Series: Red Queen, Book 1
Author: Victoria Aveyard (site)
Release Date: February 10, 2015
Genre: Young Adult Dystopian Fantasy
Told: First Person (Mare), Present Tense
Content Rating: Teen (violence, kissing)
Format Read: ARC (EpicLibrarian)
Find On: Goodreads
Purchase On: Amazon | B&N | Book Depository
This is a world divided by blood – red or silver.
The Reds are commoners, ruled by a Silver elite in possession of god-like superpowers. And to Mare Barrow, a seventeen-year-old Red girl from the poverty-stricken Stilts, it seems like nothing will ever change.
That is, until she finds herself working in the Silver Palace. Here, surrounded by the people she hates the most, Mare discovers that, despite her red blood, she possesses a deadly power of her own. One that threatens to destroy the balance of power.
Fearful of Mare’s potential, the Silvers hide her in plain view, declaring her a long-lost Silver princess, now engaged to a Silver prince. Despite knowing that one misstep would mean her death, Mare works silently to help the Red Guard, a militant resistance group, and bring down the Silver regime.
But this is a world of betrayal and lies, and Mare has entered a dangerous dance – Reds against Silvers, prince against prince, and Mare against her own heart ...
* * *In a Sentence: A predictable fantasy that was occasionally engaging but I mostly found disappointingly formulaic.
I'm a sucker for a gorgeous cover, and Red Queen's is one of the most striking I've seen yet. However, the story under the cover was not only underwhelming but rather frustrating as it disappointed on almost all fronts.
Story: The plot was highly predictable and completely formulaic: plain girl discovers she has a unique ability and becomes a pawn in a political scheme for the crown while at the same time trying to secretly overthrow said crown for the rebel cause, but all her plans backfire and after a crushing betrayal she must fight for her life. Needless to say I saw every major twist coming from the start, and although I tried to hold out hope that it would surprise me in new and interesting ways, the story refused to divert from the formula. The climax was relatively exciting and I was happy that Mare held her own and didn't require protecting or saving in the final battle, but as per formula the epilogue twist came as no surprise and left me with little excitement for the sequel.
Setting: I initially thought this a fantasy setting, but it eventually expanded into a parallel dystopian world - at least, that was my impression. Although there wasn't anything particularly unusual or dazzling, some of the elements were intriguing and the description made everything relatively easy to picture.

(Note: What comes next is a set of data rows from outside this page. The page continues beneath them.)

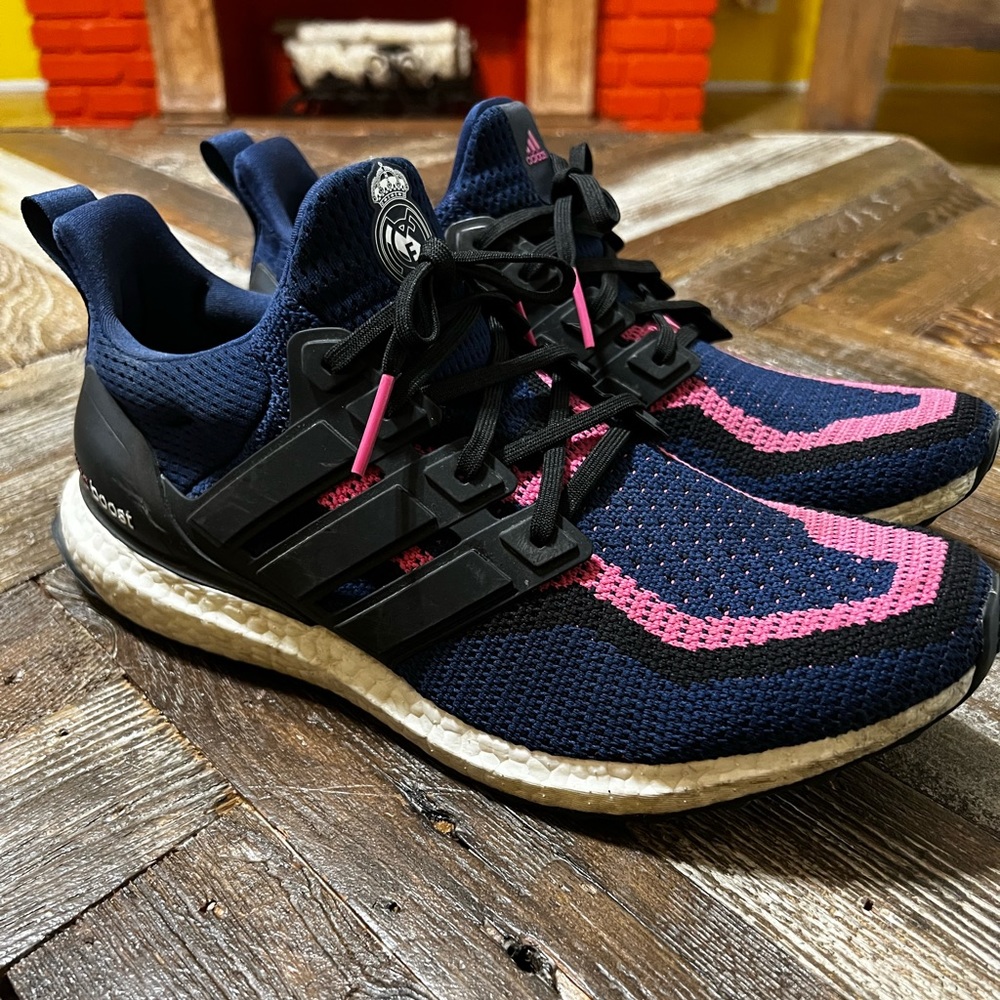 Mens Real Madrid Adidas Ultraboost Size 10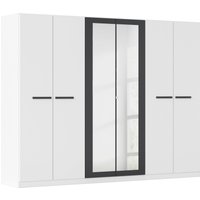rauch Drehtürenschrank "Kleiderschrank Schrank Garderobe Garderobenschrank Stauraumwunder MODI", optional mit Spiegel MADE IN GERMANY rauch Drehtürenschrank "Kleiderschrank Schrank Garderobe Garderobenschrank Stauraumwunder MODI", optional mit Spiegel MADE IN GERMANY von Rauch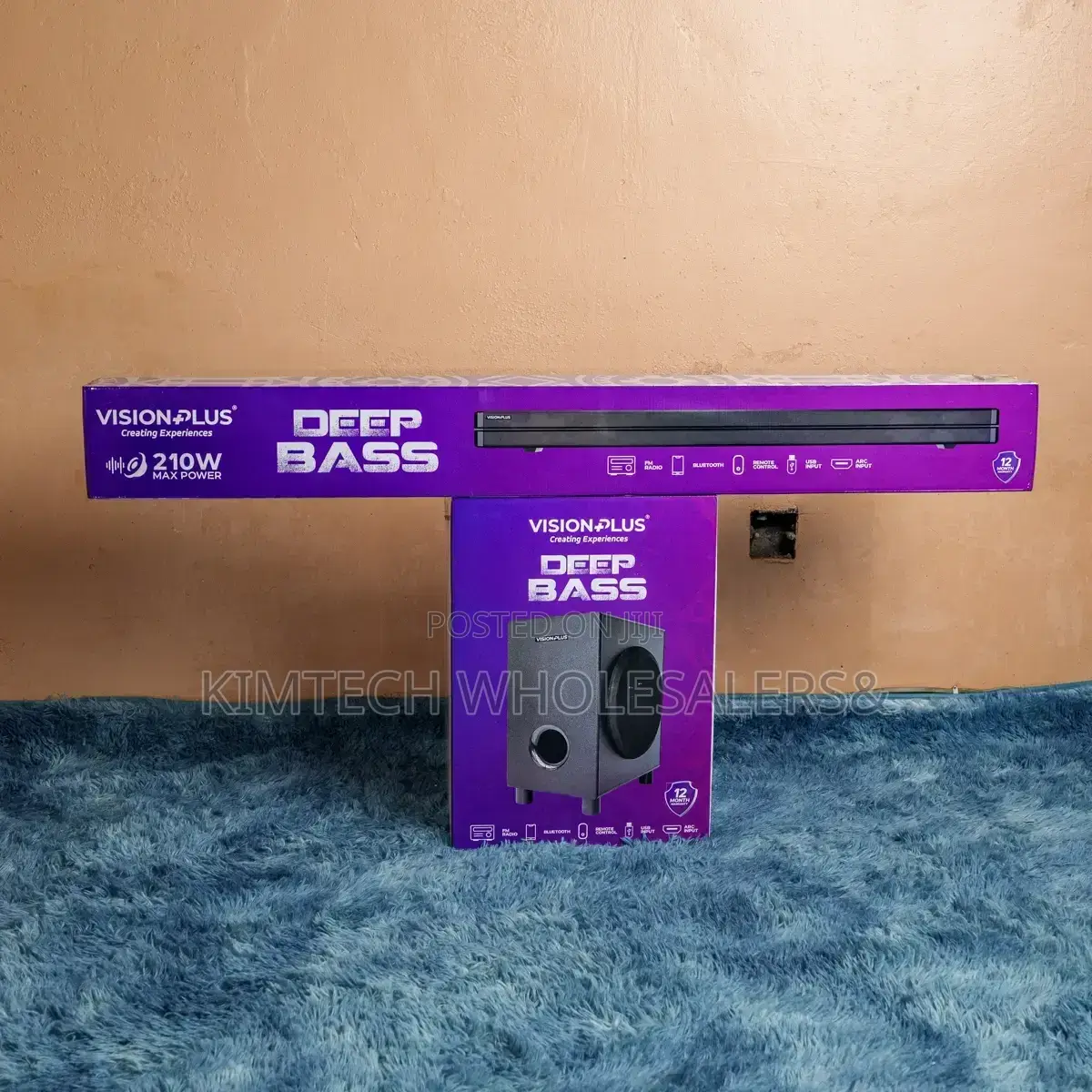 Vision Plus Soundbar Vp2112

Characters: Mare was unfortunately formed from an overused heroine mold: small, plain, snarky and strong-willed, she didn't fit in and seemed below average until it was revealed she was in fact a special snowflake with an impossible ability. This can be acceptable as a base, but that was pretty much it for Mare as, despite the evolving story, she refused to have a motivation. In the beginning she had no dreams or plans past not being conscripted, and while I could understand that being poor she didn't have a long life expectancy so aspirations were considered foolhardy, everyone has dreams of some sort. I needed her to aspire to something but never felt she truly did, and a character without dreams, without any sort of real motivation, leaves me little to root for other than she doesn't die.
Cal was the typical love interest: handsome, sweet, and powerful, with nothing particularly unique except perhaps his unflagging loyalty which instigated some intriguing difficulties. Maven was a predictable disappointment who read much younger than he was supposed to be, but I guess that was part of his personality? I would've loved something new with his character, but as was the norm he sadly never diverted from his formula.
Romantic Relationships: This book possessed an unfortunate love square, although I guess for the most part it was only a love triangle. Mare loved one prince but was engaged to another, and although she tried to do the right thing, the hearts wants what it wants, etc. She actually struggled with her heart though, and except for one slip kept it together for the most part which was a pleasant and rather refreshing surprise.
Writing: The writing was the only real highlight of the book for me. While nothing spectacular it could be engaging, and there were several occasions where the action sucked me in so deep I forgot where I was. If not for the writing I wouldn't have gotten far in this book, let alone finished it.
Conclusion: I really wanted to love this one as much as almost everyone else on the planet, but although the writing was engaging enough the story was way too formulaic and the motivationless main character left me little to root for. I do have an ARC of the second book and will give it a try, but at this point my expectations aren't high.